Thursday, April 27, 2006

Ponds & Resiliency

I recently wrote about the importance of building resiliency into a self-sufficient system in “Creating Resiliency & Stability in Horticulture.” It’ important to build systems that serve multiple functions, that provide a yield that is decoupled with neighboring systems and that can bank resources for use elsewhere—all of which helps to smooth out the peaks and valleys of both cyclical and extraordinary systemic shocks. When it comes to accomplishing all of this and more, the all-star system may just be the humble pond.

A pond can be created, enhanced, or merely “captured” in a very wide variety of environments. It is a reservoir of water—a critical resource—that provides resiliency in times of drought and fire. It can be the center of an aquaculture system for food production—with a food yield that is decoupled from the yield of a garden or from other hunting and gathering. It can also provide a food bank—when other systems yield well, fish will continue to grow, to be harvested when needed. It provides recreational opportunities, wildlife habitat, and a wide variety of other options. It is also resilient in the face of human action—while raiders historically burn crops and pillage mobile wealth, a pond is not a particularly valuable or vulnerable target.

The latest issue of Mother Earth News (print issue only) has excellent articles on both how to build and maintain small ponds as well as home-scale aquaculture.
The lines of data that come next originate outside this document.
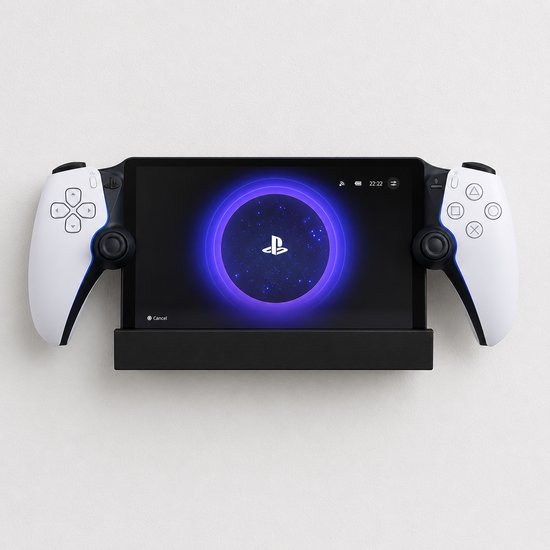 YUOM. Muurbeugel geschikt voor PlayStation Portal – Wandhouder voor PS Portal Remote Player – Zwart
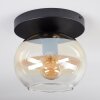 Apedo lampa sufitowa, kula świetlna bursztynowy, przezroczysty, 1-punktowy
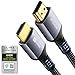 Stouchi HDMI Cable 2m(6Ft) 10K 8K Ultra High Speed HDMI® Cable 10K 8K@60HZ 4K@144/120Hz RTX 3080 eARC HDR10 4:4:4 HDCP 2.2&2.3 Dolby Compatible with Roku TV/PS5/Xbox Series X/Samsung/Sony/LG
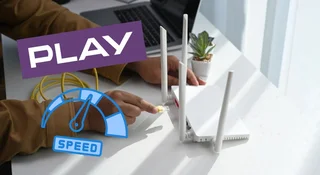 Światłowód Play szybszy promo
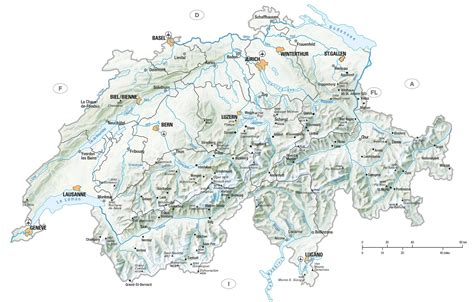 Svizzera Cartina Fisica Svizzera Carta Geografica Mappa Della Porn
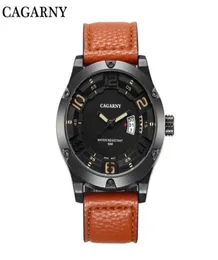 Luksusowe męskie Cagarny ogląda Silver Multifunkcyjną Chronograf Stal nierdzewną Casual Watch zegarek Montres Homme268o5519133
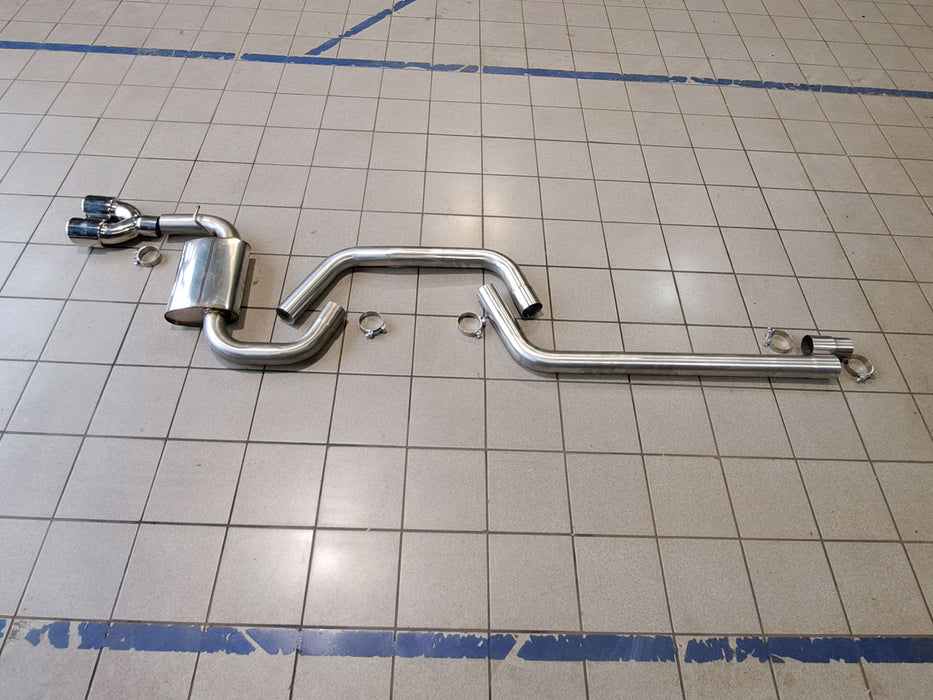 Seat Leon 1.8 TSi Mk3 - Cat back exhaust (Non Resonated) - Harrys Euro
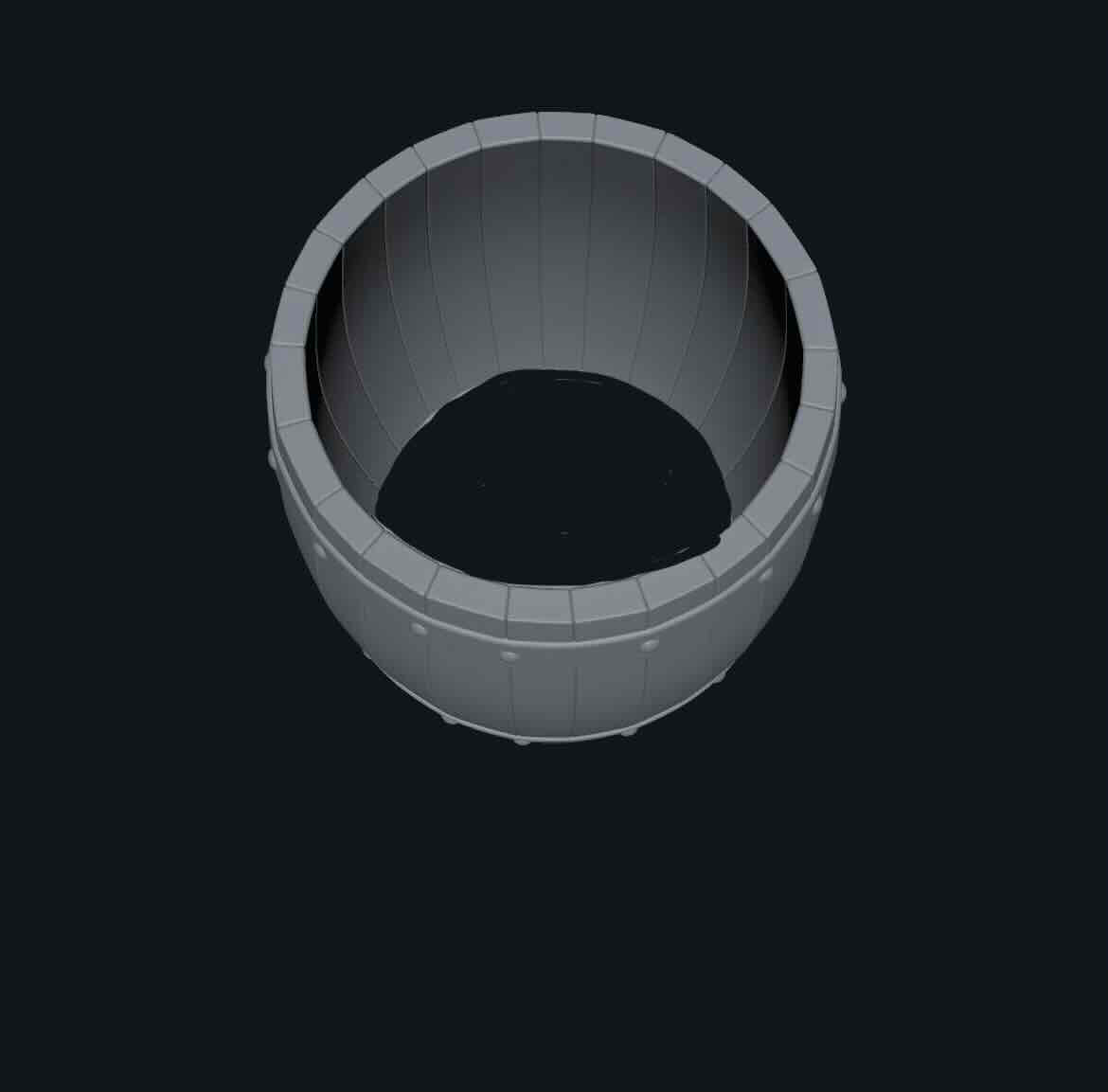 Wooden Barrel 3D Model free 3D printable STL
Also, take a look at P.A. Yeoman’s permaculture classic on key-line dams, ponds, and swale systems, available online here.


sventastic said...

As per usual, an excellent post, Jeff.
I really dig the disucssion of resiliency. It is this kind of ingenuity and adaptability that makes me optimistic about the human race.
Having several sources for food, water, medicine, other resources stewarded in a sustainable manner will be absolutely key in whatever-comes-next.
One of the main considerations for me is mindful placement of such a rhizome hamlet. One would have to be far away and not downwind or downstream of any nuclear reactors, chemical plants, refineries, weapons laboratories, etc. Unpolluted water would be most essential. Engineering knowledge of water wheels, wind turbines, and even solar panels would be handy, too.

sventastic said...

Seems like a geiger (or halogen)counter and chemical testing materials would be a wise investment...
...speaking of investments, there's a method in t'ai chi and taosim in general called "investing in loss."
This is a very profound outlook, one that takes into account the realities of interdependence and impermanence and makes for a very potent and harmonious way of interacting with the world.
One oft used analogy is that of water. Water is soft and yielding; if you punch water, it will accomodate the force exerted on it. Contrast this with stone or metal, which is solid and unyielding. It may at first appear stronger or more resilient than water, but ultimatly, anything made of stone or metal will decay and break down into minute particles, mainly by the enduring, persistent, and yielding force of water (i.e. erosion).
Investing in loss as a philosophy involves not trying to be like metal when encountering tricky situations in one's life. Rather, if one is like water, although it may seem like one is yielding on a superficial level, one is indeed drawing up their internal power, and indestructible and infinite source of power, that is in harmony with the way of the world.
This does not mean being a passive push-over, nor a stoic stick-in-the-mud.
It is about looking deeply at how systems and interactions actually work, not how we'd like them to or how we believe they "should."
I think Jeff is doing a lot of this, and rhizome is one interesting manifestion of becomming more in tune with how things abide.

sventastic said...

Investing in Loss:
Peak Oil and Whatever-come-next

The whole world and its inhabitants are impermanent, like a bubble, or like an exposed candle flame in a hurricane.
The sooner that we recognize and genuinely accept this fact, the better off we'll be.
Change and death are inevitable, the only things we can truly count on. It is the pinnacle of futility and childishness to try and avoid or ignore this.
Simultaneously, it is the most beneficial and rewarding experience to realize how interdependence functions, and make the best of our actual situation that we find ourselves in, and relax and let go of the clinging to unrealistic expectations, preconceptions, and belief systems that we are inured of and addicted to.
Death appears to be the final result, the end all and be all.
I disagree with this assuption.
There can be no life without death. If everything lasted forever, the world would be covered with shit.
What does this have to do with Peak Oil and its aftershocks?
Well, if we can intelligently and critically analyze what is really going on, we can prepare for what is likely to come next. We need to remain fluid and adaptaple, for things might change drastically and unexpectedly in a short amount of time.
We need to open our hearts and minds, prepare our bodies and skill-sets to be able to handle and persevere a radically different landscape. As Jeff says, we need to become resilient. To me, this means accepting that things will change and one day we will die. When we honestly confront these distastelful truths, we become fearless. They lose their power over us, or more accurately, we no longer invest power in them, but rather invest it where it will be of most benefit: in how things actually are.
We need to divest ourselves of our resentment and fear of decay and dying. A wise man once said, It is only after one has lost everything that one is free to do anything.

Anonymous said...

You might enjoy reading "The Pond Lovers" by Gene Logsdon ISBN: 0820324698. All of his writings are great organic gardener reads, btw.